Almost without exception, the American munitions companies investigated have at times resorted to such unusual approaches, questionable favors and commissions, and methods of 'doing the needful' as to constitute, in effect, a form of bribery of foreign governmental officials or of their close friends in order to secure business. These business methods carried within themselves the seeds of disturbance to the peace and stability of those nations in which they take place.

While the evidence before this committee does not show that wars have been started solely because of the activities of munitions makers and their agents, it is also true that wars rarely have one single cause, and the committee finds it to be against the peace of the world for selfishly interested organizations to be left free to goad and frighten nations into military activity.

(5) Joel B. Clark, introduction to the Munitions Industry: Report on Existing Legislation (5th June, 1936)

The Committee wishes to point out most definitely that its study of events resulting from the then existing neutrality legislation, or the lack of it, is in no way a criticism, direct or implied, of the sincere devotion of the then President, Woodrow Wilson, to the high causes of peace and democracy. Like other leaders in government, business and finance, he had watched the growth of militarism in the pre-war years. Militarism meant the alliance of the military with powerful economic groups to secure appropriations on the one hand for a constantly increasing military and naval establishment, and on the other hand, the constant threat of the use of that swollen military establishment in behalf of the economic interests at home and abroad of the industrialists supporting it. President Wilson was personally impelled by the highest motives and the most profound convictions as to the justice of the cause of our country and was devoted to peace. He was caught up in a situation created largely by the profit-making interests in the United States, and such interests spread to nearly everybody in the country. It seemed necessary to the prosperity of our people that their markets in Europe remain unimpaired. President Wilson, himself, stated that he realized that the economic rivalries of European nations had played their part in bringing on the war in 1914.

(6) Gerald P. Nye, speech in Congress (6th June, 1936)

Loans extended to the Allies in 1915 and 1916, led to a very considerable war boom and inflation.
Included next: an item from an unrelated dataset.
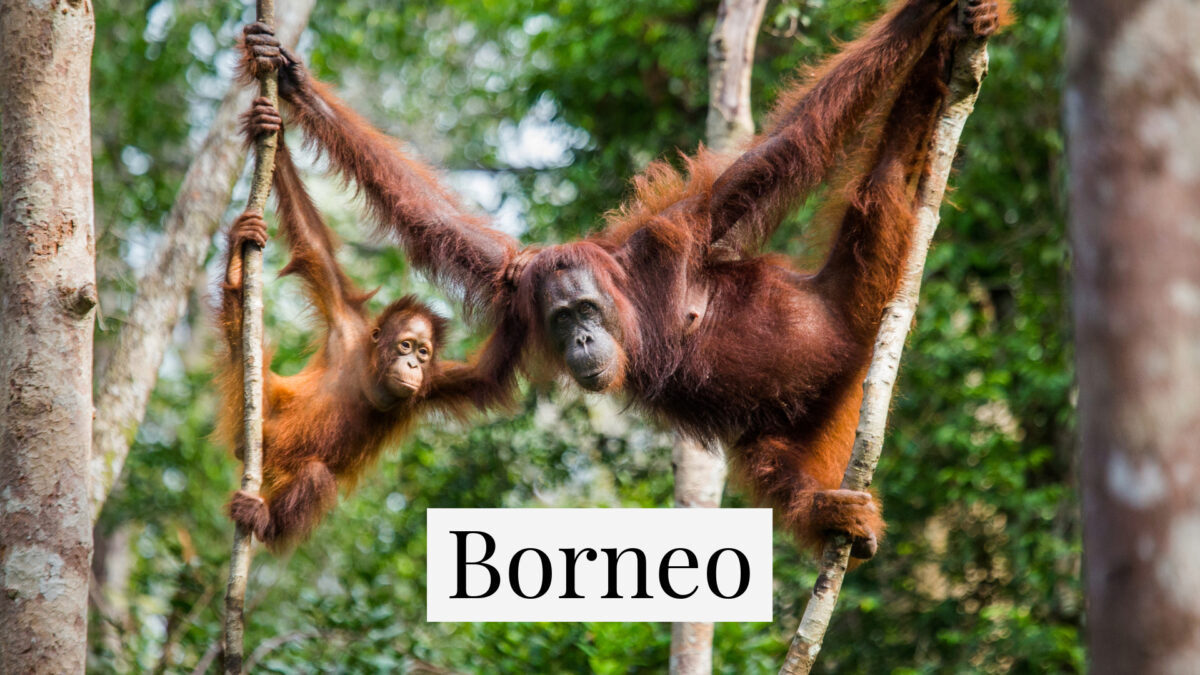 Orang Utans in Borneo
This boom extended beyond munitions to auxiliary supplies and equipment as well as to agricultural products. The nature of such a war-boom inflation is that, like all inflations, an administration is almost powerless to check it, once the movement is well started. Our foreign policy then is seriously affected by it, even to the extent of making impossible the alteration of our foreign policy in such a way as to protect our neutral rights.

(7) Gerald P. Nye, speech in Congress (July, 1939)
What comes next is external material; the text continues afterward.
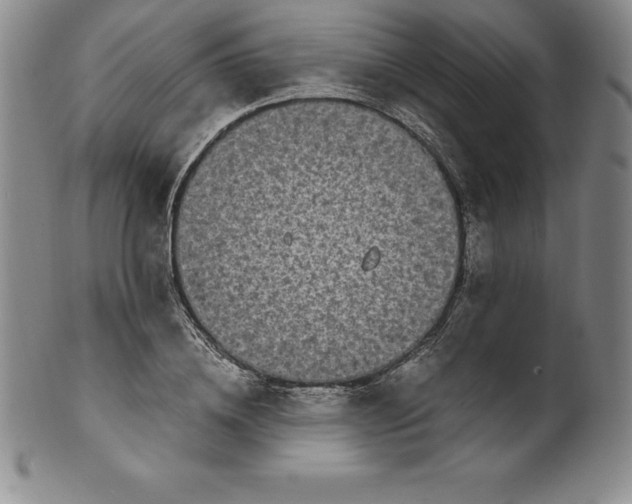 X0000100490836200806271235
No member of the Munitions Committee to my knowledge has ever contended that it was munitions makers who took us to war. But that committee and its members have said again and again, that it was war trade and the war boom, shared in by many more than munitions makers, that played the primary part in moving the United States into a war.

(8) Gerald P. Nye, speech reported in the New York Times on 28th August 1940.

England and France reason to believe that if they would declare war on Germany, help would be forthcoming. Some day history will show, as one of the blackest marks of our time, that we sold out, by deliberate falsification, the two European nations with which we had the closest ties. We sent France to her death and have brought England perilously close to it. Had they stalled Hitler for a while, while they prepared to meet him, the story might have been different.